To do: In the listing below, a line holding "Vivo T4 256 GB Blue" and a line holding "SC8833 - NEGAMAM COTTON SAREE" mark the range. Retype both exactly, with all lines between them.

Supplied information:
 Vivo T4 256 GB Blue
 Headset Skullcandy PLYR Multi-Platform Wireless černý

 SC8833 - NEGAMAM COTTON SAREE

...

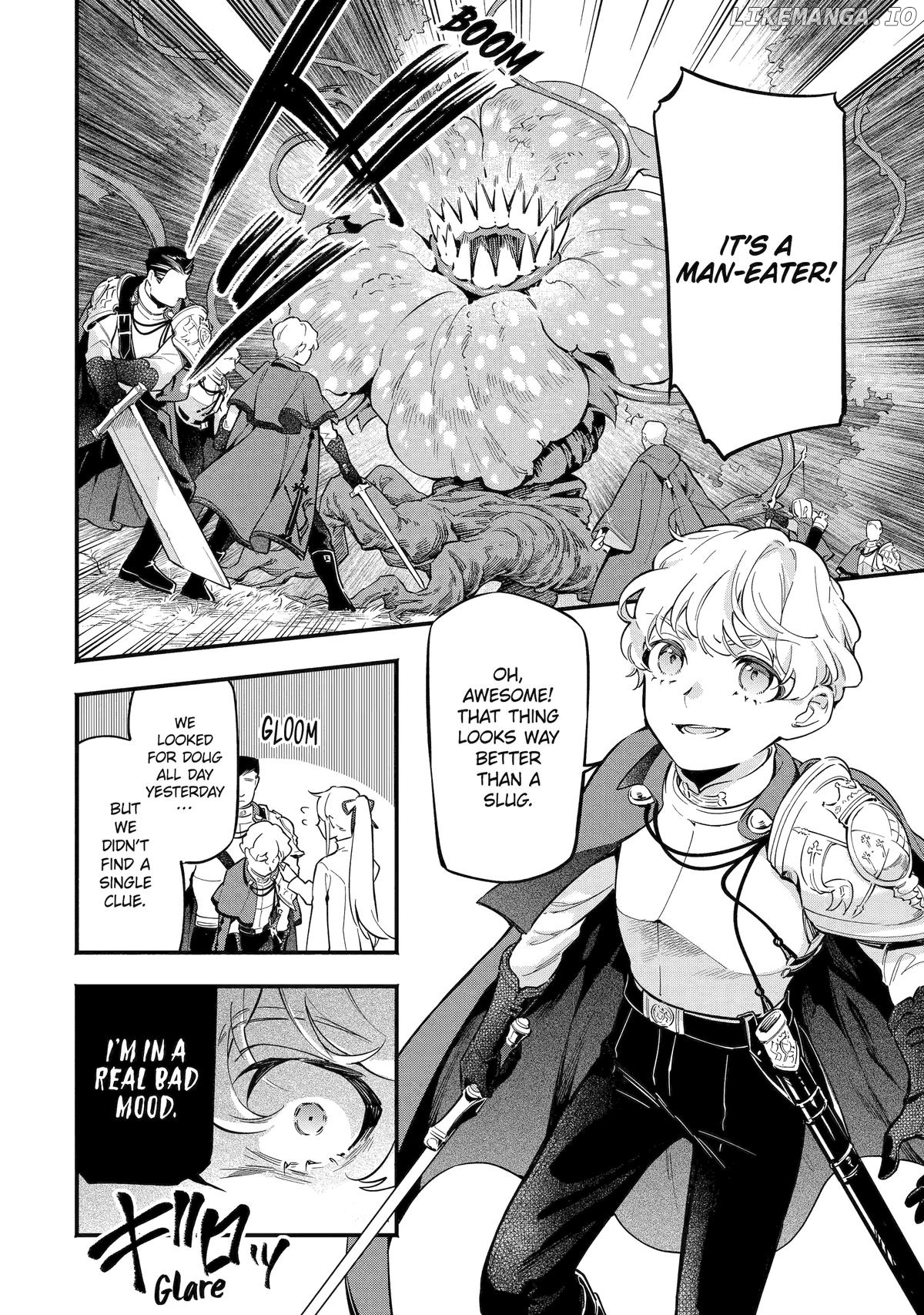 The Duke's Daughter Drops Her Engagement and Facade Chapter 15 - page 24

Task response:
 Vivo T4 256 GB Blue
 Headset Skullcandy PLYR Multi-Platform Wireless černý

 SC8833 - NEGAMAM COTTON SAREE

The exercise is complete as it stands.